我々は、パニックになりました。どうしたら一月という短い間で優秀なハンターを見つける事が出来るだろうかと、、
この村の現役ハンターが討伐可能なモンスターの最高ランクはBランクです。これだと王国の言う優秀なハンターに値しない事は、重々承知していました。
そこで無礼ながら、この村に転生なさり、ハンターの称号を授かった方に、Dランクのモンスターと嘘をついて少数でクエストに行かせ、Sランクのモンスターを討伐させにいく事にしました。」
はぁ?
「もし生きて帰って来られたのなら、その方が我々の希望であり、優秀なハンターなのではないかと、、
しかし、一月以内に転生して来られたハンターの方は、クエストに行ったきり誰1人としてこの村に帰ってくることはありませんでした。」
やってる事やべーぞこのジジイと女。
文頭に「無礼ながら」と一言添えたからといって、内容のエグ味が薄まる事は無いぞ。
でもまぁ、そうなると姫達は優秀ということになる。
転生先輩達には悪いが、あまり気分は悪くないぞ。
「じゃあ俺たちは、優秀ってことですね、、ハァッハァッーー!」
ロロベルトも姫同様、有頂天になっている。
「Sランクレッドオークを倒したお2人なら、きっと王国の方にも認めてもらえる筈です。
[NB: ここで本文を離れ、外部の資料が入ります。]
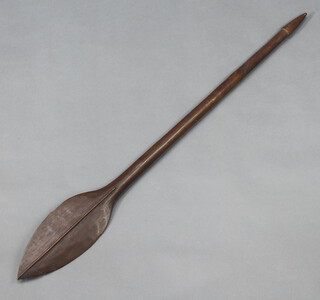 A carved Eastern hardwood paddle with leaf shaped head 113cm l x 13cm w 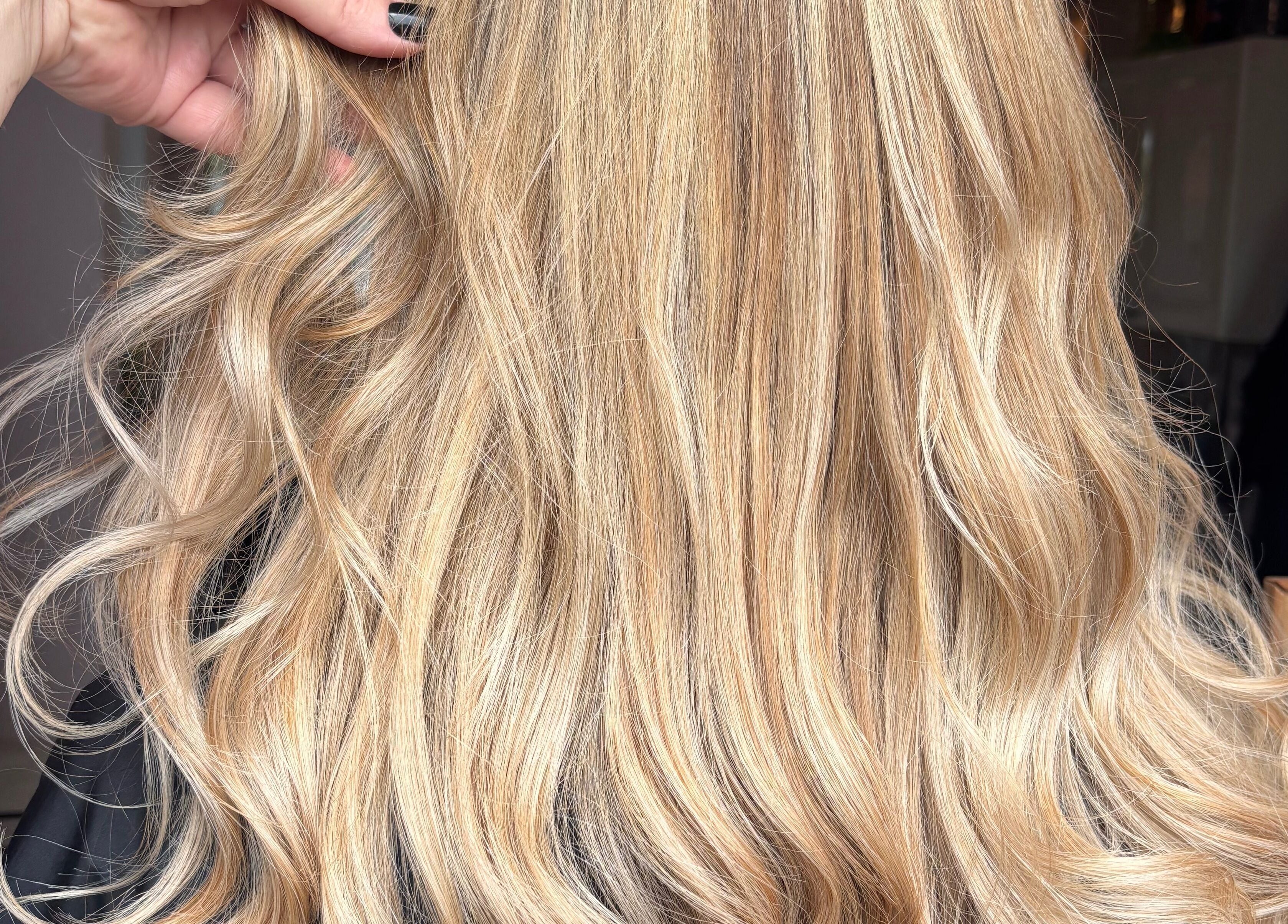 Radiant blonde waves styled at Trim N Tonic, Teignmouth, England, GB, showcasing expert hair design.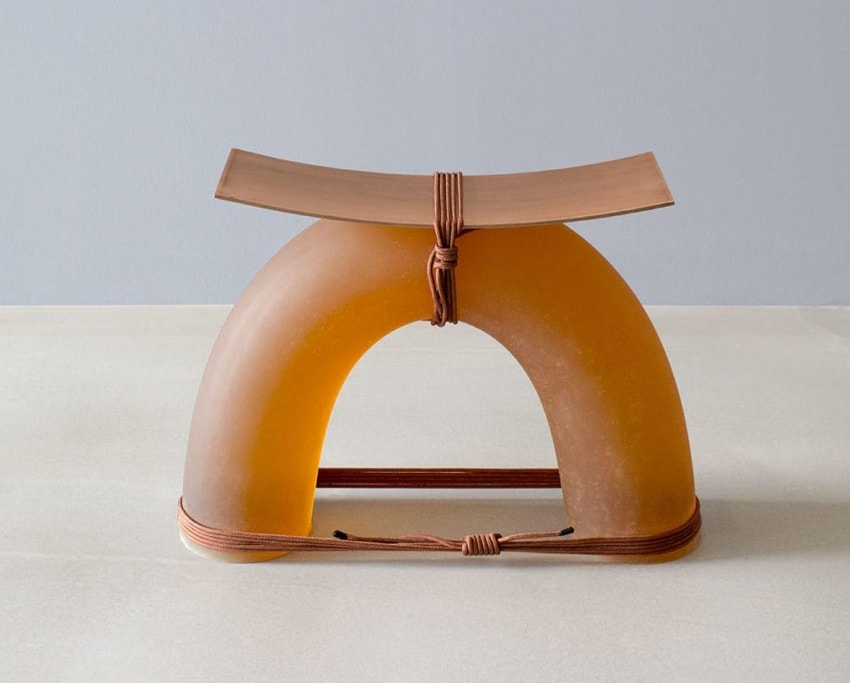 Modern sculptural stool with a curved seat and arched base, featuring a rope detail, set against a minimalist background.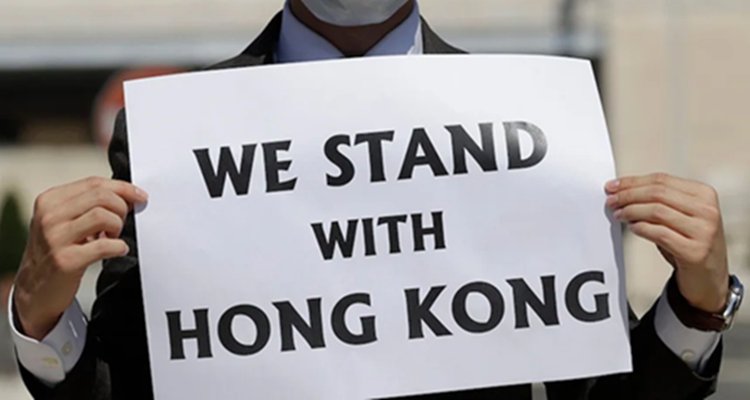 Man holding sign saying We Stand With Hong Kong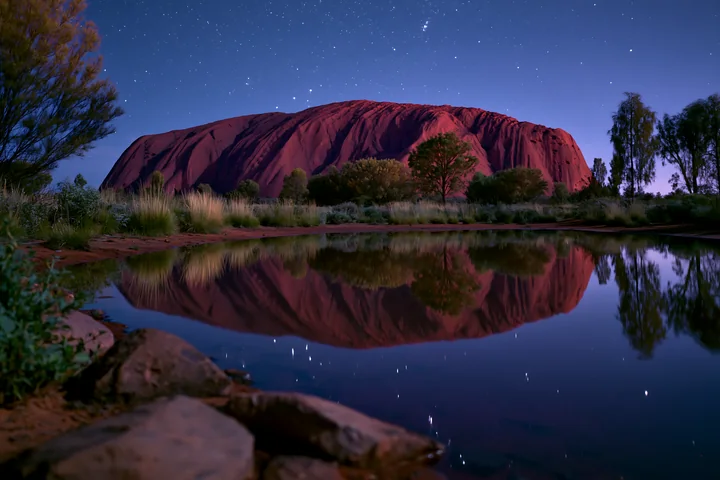 Uluru rises prominently against a star-filled sky as its reflection appears in a tranquil water body.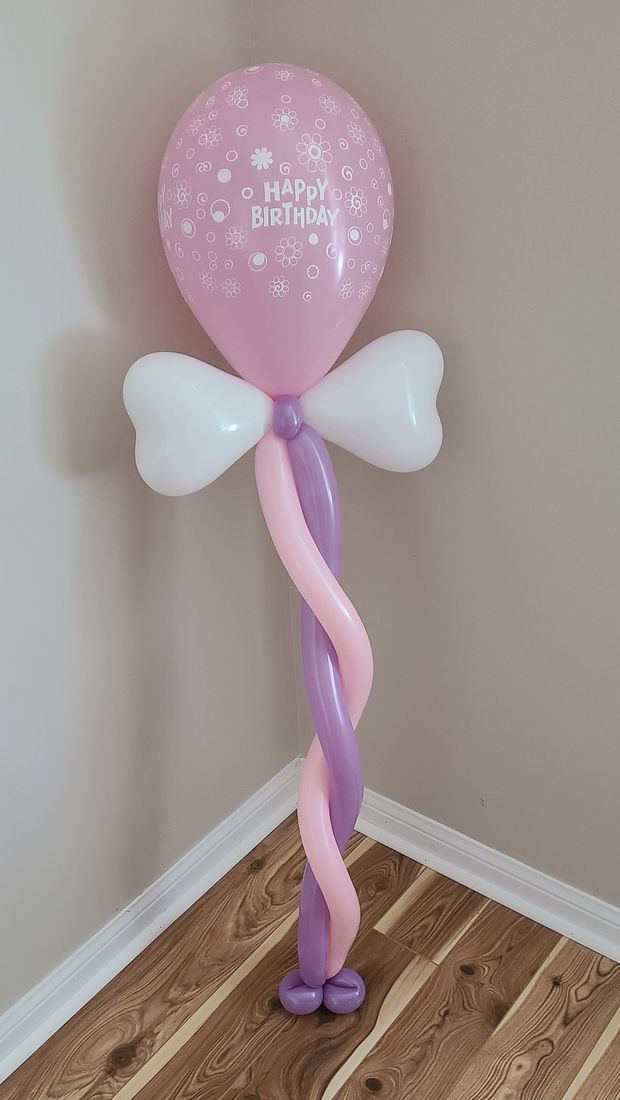 Custom birthday balloon bouquet with bow accent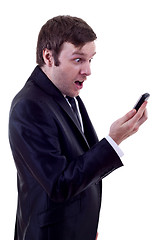 Image showing man looking at phone astonish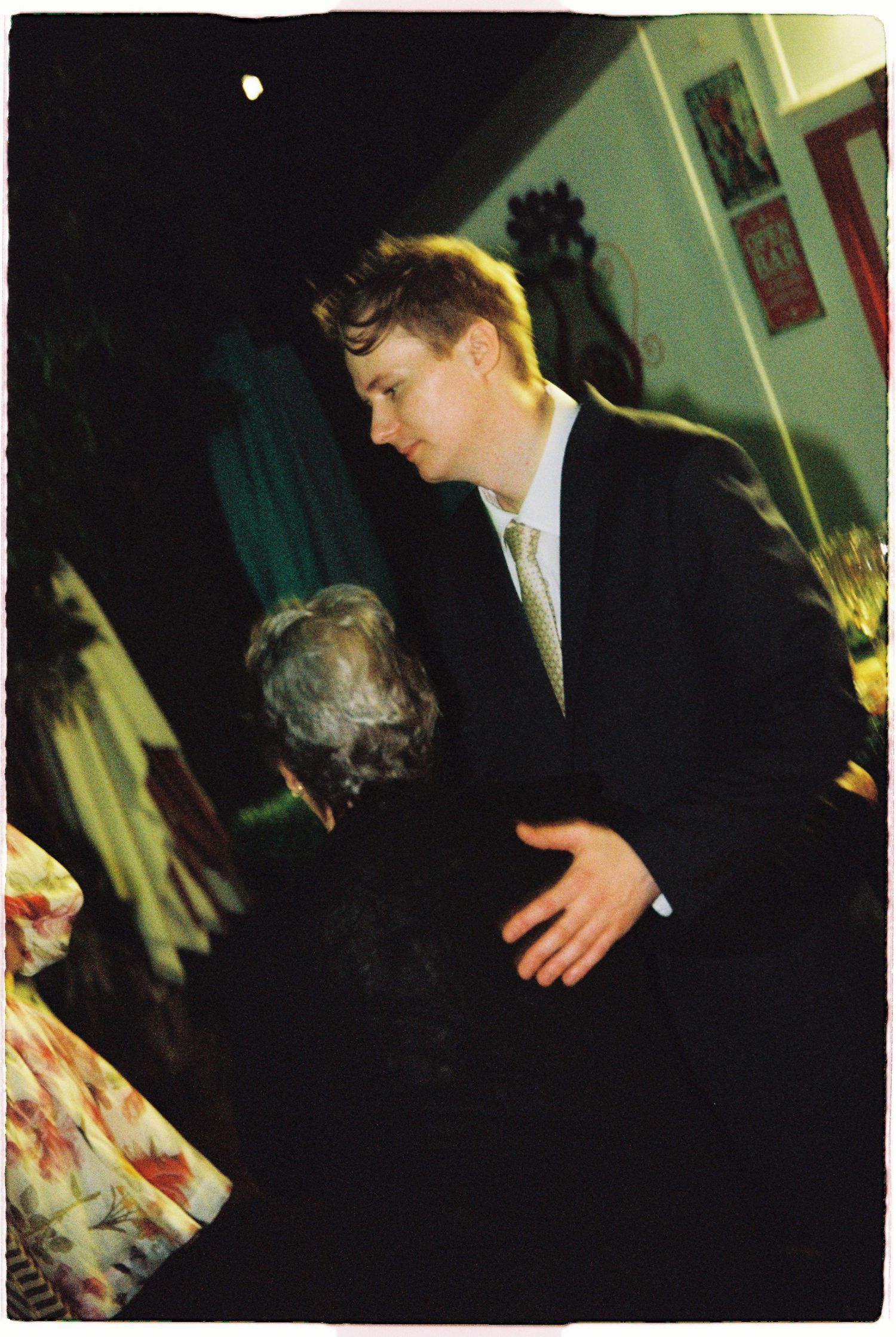 A man in a black suit and tie leans forward speaking to an elderly guest at a wedding reception.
」
受付の女は、期待を込めた目を輝かせながら、姫達に語りかけてきた。
というか、どちらかというと褒めて欲しいのはブラックオークを倒した事なのだが、、
「どうか、王国へ行き私達を救っていただけないでしょうか?」
完全ヒロインコース来ました!
「もちろん行くぞ!」
「ありがとうございます!」
「手続きでもしてる間、コーヒーでも頂こうかな、」
調子に乗って、苦手なコーヒーとか言っちゃった、、
「俺はじゃあ、ブラックコーヒーにしようかな、もちろん砂糖とミルク無しでね!」
やはりロロベルトもテンション爆上がりだ。
イキリ慣れてないのか、ブラックコーヒーの砂糖無しとか言う訳分からん注文をしている。
「あっ、もう手続きは済んでますので、今すぐオルデンナイト王国の方へ行っていただきたいのですが、、」
恥ずっ、調子乗った罰だな。というか、手続き済んでるって、、なんで承諾する前に勝手に手続きしとんじゃ。
「それと、そもそもブラックコーヒーには砂糖とミルクは入ってませんよ。」
おい、やめたってくれ、頑張ってイキったんだから。
横を見るとロロベルトの顔が、梅干しのように赤くなっている。
ってかこの女も少しは合わせてくれよ。